> **Task brief**
With the line containing "Vintec 35 Bottles" as the start and the line containing "Anello strass Sparkling Infinity" as the end, transcribe that span of the entries below exactly, including both.

Excerpted data below:

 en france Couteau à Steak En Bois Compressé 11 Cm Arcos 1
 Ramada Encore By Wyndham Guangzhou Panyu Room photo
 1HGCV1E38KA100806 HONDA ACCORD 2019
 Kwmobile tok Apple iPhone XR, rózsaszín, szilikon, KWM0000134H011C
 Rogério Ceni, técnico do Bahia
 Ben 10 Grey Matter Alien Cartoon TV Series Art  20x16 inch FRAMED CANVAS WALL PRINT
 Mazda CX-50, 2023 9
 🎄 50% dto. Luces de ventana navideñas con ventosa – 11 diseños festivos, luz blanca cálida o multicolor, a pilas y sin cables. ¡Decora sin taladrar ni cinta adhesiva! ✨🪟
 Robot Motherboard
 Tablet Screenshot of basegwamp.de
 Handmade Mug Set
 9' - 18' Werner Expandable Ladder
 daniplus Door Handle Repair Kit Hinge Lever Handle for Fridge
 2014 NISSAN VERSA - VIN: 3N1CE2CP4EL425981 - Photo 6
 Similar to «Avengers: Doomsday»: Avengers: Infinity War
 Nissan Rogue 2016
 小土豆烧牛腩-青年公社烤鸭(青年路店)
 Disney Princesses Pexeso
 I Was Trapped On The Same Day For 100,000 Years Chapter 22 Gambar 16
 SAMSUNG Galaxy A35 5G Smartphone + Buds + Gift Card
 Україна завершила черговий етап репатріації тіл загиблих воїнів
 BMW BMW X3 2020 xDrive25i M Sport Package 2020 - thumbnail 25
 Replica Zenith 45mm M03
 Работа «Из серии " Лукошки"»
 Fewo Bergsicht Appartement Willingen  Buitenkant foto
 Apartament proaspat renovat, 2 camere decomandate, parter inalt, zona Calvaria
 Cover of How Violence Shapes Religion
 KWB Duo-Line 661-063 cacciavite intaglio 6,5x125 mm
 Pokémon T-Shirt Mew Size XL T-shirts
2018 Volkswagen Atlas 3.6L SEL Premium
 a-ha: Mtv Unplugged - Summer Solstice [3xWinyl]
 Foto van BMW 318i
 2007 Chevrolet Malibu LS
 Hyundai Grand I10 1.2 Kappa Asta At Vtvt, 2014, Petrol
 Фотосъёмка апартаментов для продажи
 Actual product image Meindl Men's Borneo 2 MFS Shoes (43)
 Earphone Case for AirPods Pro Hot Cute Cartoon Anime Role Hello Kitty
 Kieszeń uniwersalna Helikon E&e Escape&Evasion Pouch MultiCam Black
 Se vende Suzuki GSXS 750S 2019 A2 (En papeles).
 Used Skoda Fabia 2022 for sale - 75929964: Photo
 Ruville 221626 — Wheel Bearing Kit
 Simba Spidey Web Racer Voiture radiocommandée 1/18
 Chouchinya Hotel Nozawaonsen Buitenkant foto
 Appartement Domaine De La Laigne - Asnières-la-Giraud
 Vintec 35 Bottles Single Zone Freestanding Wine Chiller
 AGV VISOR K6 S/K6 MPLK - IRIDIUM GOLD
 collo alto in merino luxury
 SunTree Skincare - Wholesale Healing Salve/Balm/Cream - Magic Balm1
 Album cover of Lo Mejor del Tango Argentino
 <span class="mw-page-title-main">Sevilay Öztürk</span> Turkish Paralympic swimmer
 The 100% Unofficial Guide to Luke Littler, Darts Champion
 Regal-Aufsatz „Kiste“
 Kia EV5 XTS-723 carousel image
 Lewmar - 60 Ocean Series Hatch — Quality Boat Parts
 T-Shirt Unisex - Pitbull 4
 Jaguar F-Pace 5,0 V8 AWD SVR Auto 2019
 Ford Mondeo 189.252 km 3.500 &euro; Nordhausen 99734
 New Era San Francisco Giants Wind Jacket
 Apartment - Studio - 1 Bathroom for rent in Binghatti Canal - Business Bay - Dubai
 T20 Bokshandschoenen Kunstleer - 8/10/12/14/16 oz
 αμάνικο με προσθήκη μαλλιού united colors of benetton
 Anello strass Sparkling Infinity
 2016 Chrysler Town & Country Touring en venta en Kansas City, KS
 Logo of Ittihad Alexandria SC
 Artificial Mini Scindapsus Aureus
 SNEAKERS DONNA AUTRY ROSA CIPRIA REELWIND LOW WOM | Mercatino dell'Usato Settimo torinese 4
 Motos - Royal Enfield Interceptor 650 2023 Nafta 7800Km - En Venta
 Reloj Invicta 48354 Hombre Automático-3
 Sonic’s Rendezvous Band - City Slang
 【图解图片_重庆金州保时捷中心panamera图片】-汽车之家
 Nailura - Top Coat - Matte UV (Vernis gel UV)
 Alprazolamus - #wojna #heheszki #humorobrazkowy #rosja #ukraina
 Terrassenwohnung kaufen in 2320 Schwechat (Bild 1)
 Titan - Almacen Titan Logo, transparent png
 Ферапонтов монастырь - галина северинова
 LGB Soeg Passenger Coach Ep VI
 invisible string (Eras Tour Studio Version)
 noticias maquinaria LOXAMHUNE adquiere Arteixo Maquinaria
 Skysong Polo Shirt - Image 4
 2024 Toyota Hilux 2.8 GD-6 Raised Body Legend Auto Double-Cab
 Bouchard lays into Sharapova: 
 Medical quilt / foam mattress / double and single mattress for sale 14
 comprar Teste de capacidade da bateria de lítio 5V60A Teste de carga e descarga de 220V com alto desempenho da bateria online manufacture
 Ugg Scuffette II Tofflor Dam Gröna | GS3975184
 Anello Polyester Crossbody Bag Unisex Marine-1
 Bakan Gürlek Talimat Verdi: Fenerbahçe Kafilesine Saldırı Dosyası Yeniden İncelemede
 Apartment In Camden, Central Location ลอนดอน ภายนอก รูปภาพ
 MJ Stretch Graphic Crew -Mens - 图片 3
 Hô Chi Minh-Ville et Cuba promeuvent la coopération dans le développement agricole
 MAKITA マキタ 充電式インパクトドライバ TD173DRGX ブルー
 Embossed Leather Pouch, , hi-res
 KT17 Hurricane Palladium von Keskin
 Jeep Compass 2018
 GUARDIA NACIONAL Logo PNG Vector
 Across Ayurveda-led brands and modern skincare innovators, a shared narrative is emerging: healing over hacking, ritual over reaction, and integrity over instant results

End of Excerpted data.

> **Written solution**
 Vintec 35 Bottles Single Zone Freestanding Wine Chiller
 AGV VISOR K6 S/K6 MPLK - IRIDIUM GOLD
 collo alto in merino luxury
 SunTree Skincare - Wholesale Healing Salve/Balm/Cream - Magic Balm1
 Album cover of Lo Mejor del Tango Argentino
 <span class="mw-page-title-main">Sevilay Öztürk</span> Turkish Paralympic swimmer
 The 100% Unofficial Guide to Luke Littler, Darts Champion
 Regal-Aufsatz „Kiste“
 Kia EV5 XTS-723 carousel image
 Lewmar - 60 Ocean Series Hatch — Quality Boat Parts
 T-Shirt Unisex - Pitbull 4
 Jaguar F-Pace 5,0 V8 AWD SVR Auto 2019
 Ford Mondeo 189.252 km 3.500 &euro; Nordhausen 99734
 New Era San Francisco Giants Wind Jacket
 Apartment - Studio - 1 Bathroom for rent in Binghatti Canal - Business Bay - Dubai
 T20 Bokshandschoenen Kunstleer - 8/10/12/14/16 oz
 αμάνικο με προσθήκη μαλλιού united colors of benetton
 Anello strass Sparkling Infinity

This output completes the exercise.